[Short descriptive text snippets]
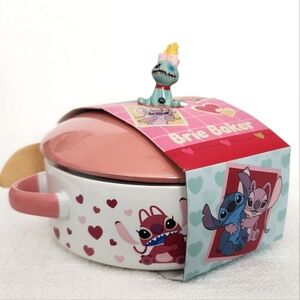 Disney Lilo & Stich Brie Cheese Baker Dish, Valentine Hearts, New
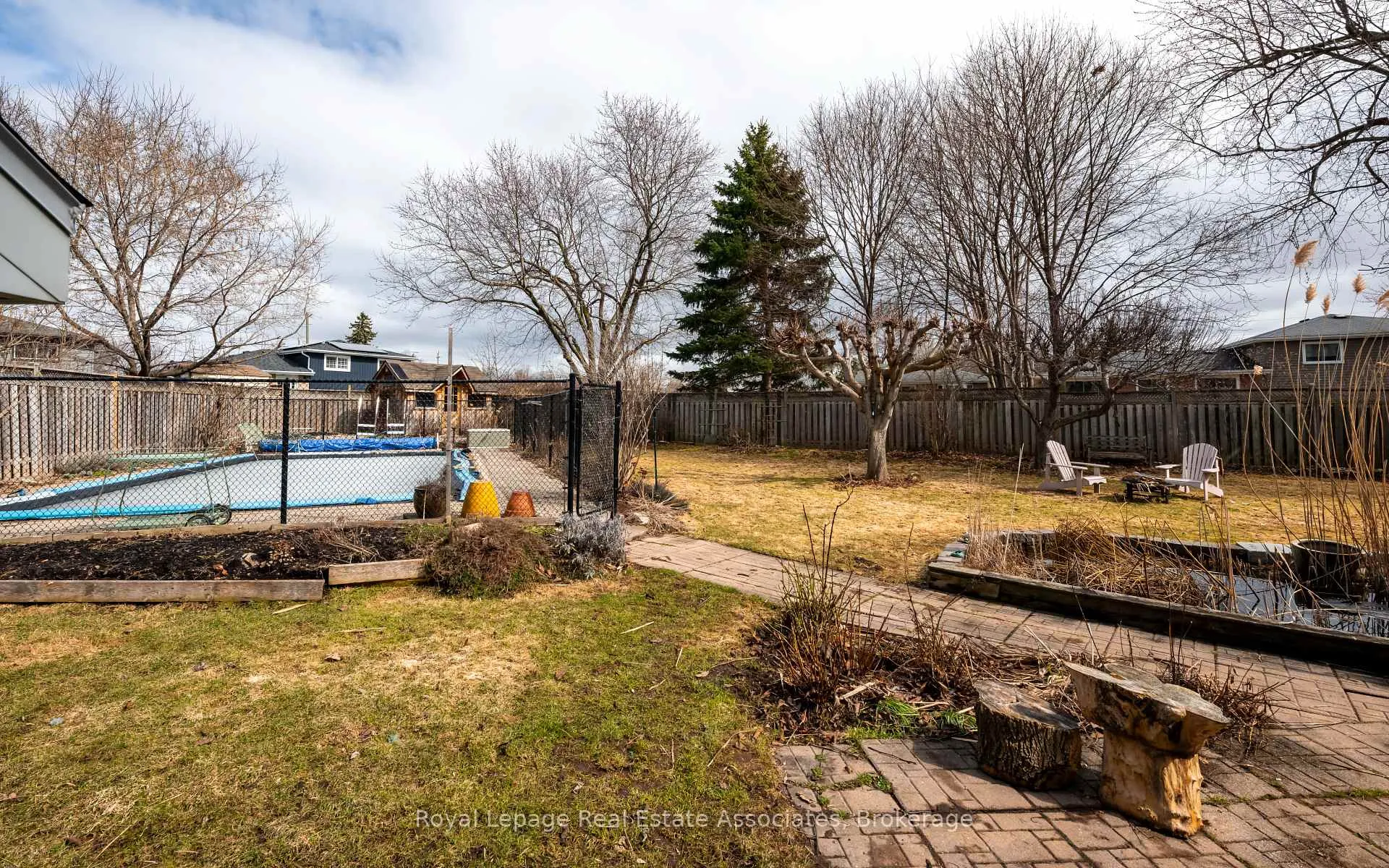 Photo 38 of 55 Eleanor Crescent, Halton Hills, Georgetown — HOMEH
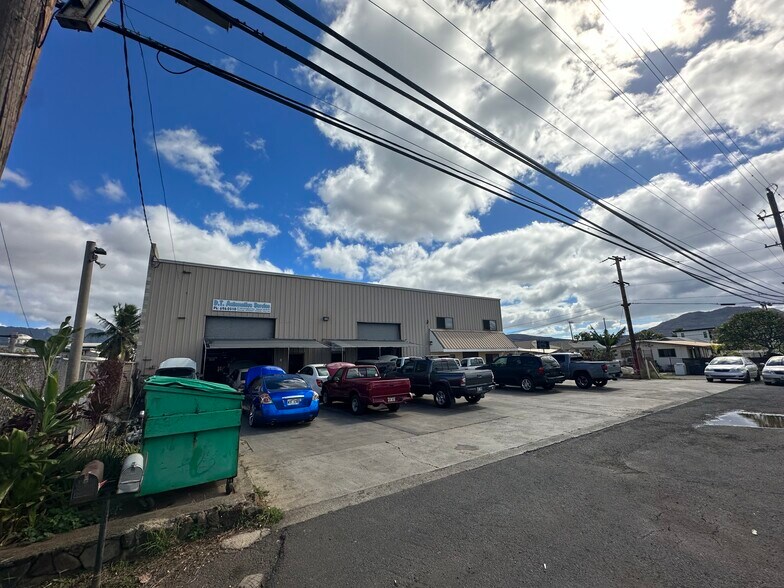 87-166 Farrington Hwy, Waianae, HI à vendre - Photo du bâtiment - Image 3 de 25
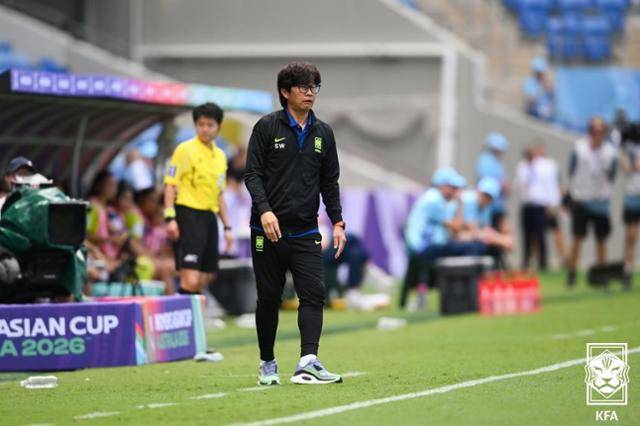 신상우 한국 여자 축구대표팀 감독이 5일 호주 골드코스트 스타디움에서 열린 2026 아시아축구연맹(AFC) 여자 아시안컵 조별리그 A조 2차전 필리핀과 경기에서 선수들의 플레이를 지켜보고 있다. 대한축구협회 제공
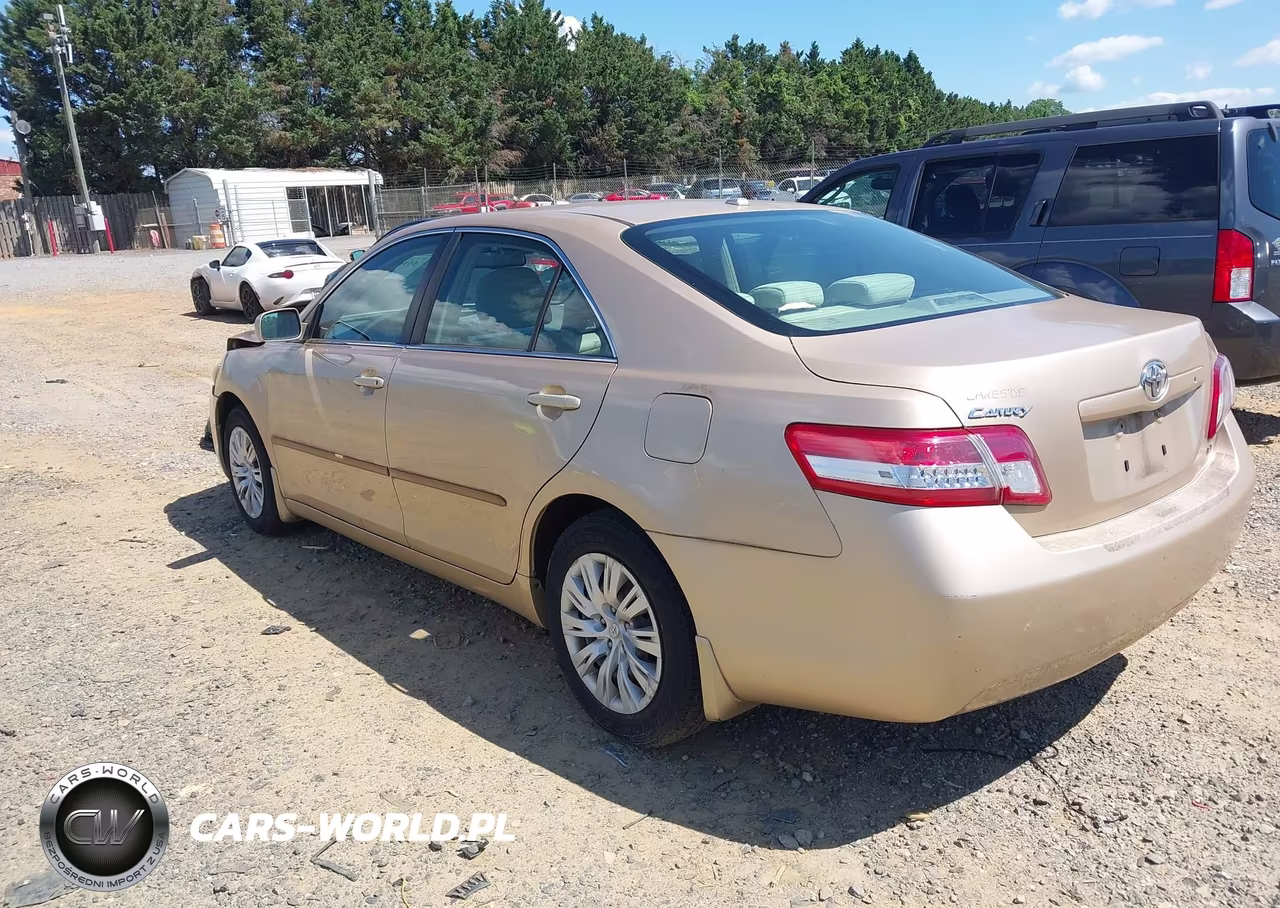 2010 Toyota Camry Le VIN:4T1BF3EK3AU091077 - 3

-- Task to carry out --
Print every record above exactly, but no pictures.

-- Result below --
 Disney Lilo & Stich Brie Cheese Baker Dish, Valentine Hearts, New
 Photo 38 of 55 Eleanor Crescent, Halton Hills, Georgetown — HOMEH
 87-166 Farrington Hwy, Waianae, HI à vendre - Photo du bâtiment - Image 3 de 25
 신상우 한국 여자 축구대표팀 감독이 5일 호주 골드코스트 스타디움에서 열린 2026 아시아축구연맹(AFC) 여자 아시안컵 조별리그 A조 2차전 필리핀과 경기에서 선수들의 플레이를 지켜보고 있다. 대한축구협회 제공
 2010 Toyota Camry Le VIN:4T1BF3EK3AU091077 - 3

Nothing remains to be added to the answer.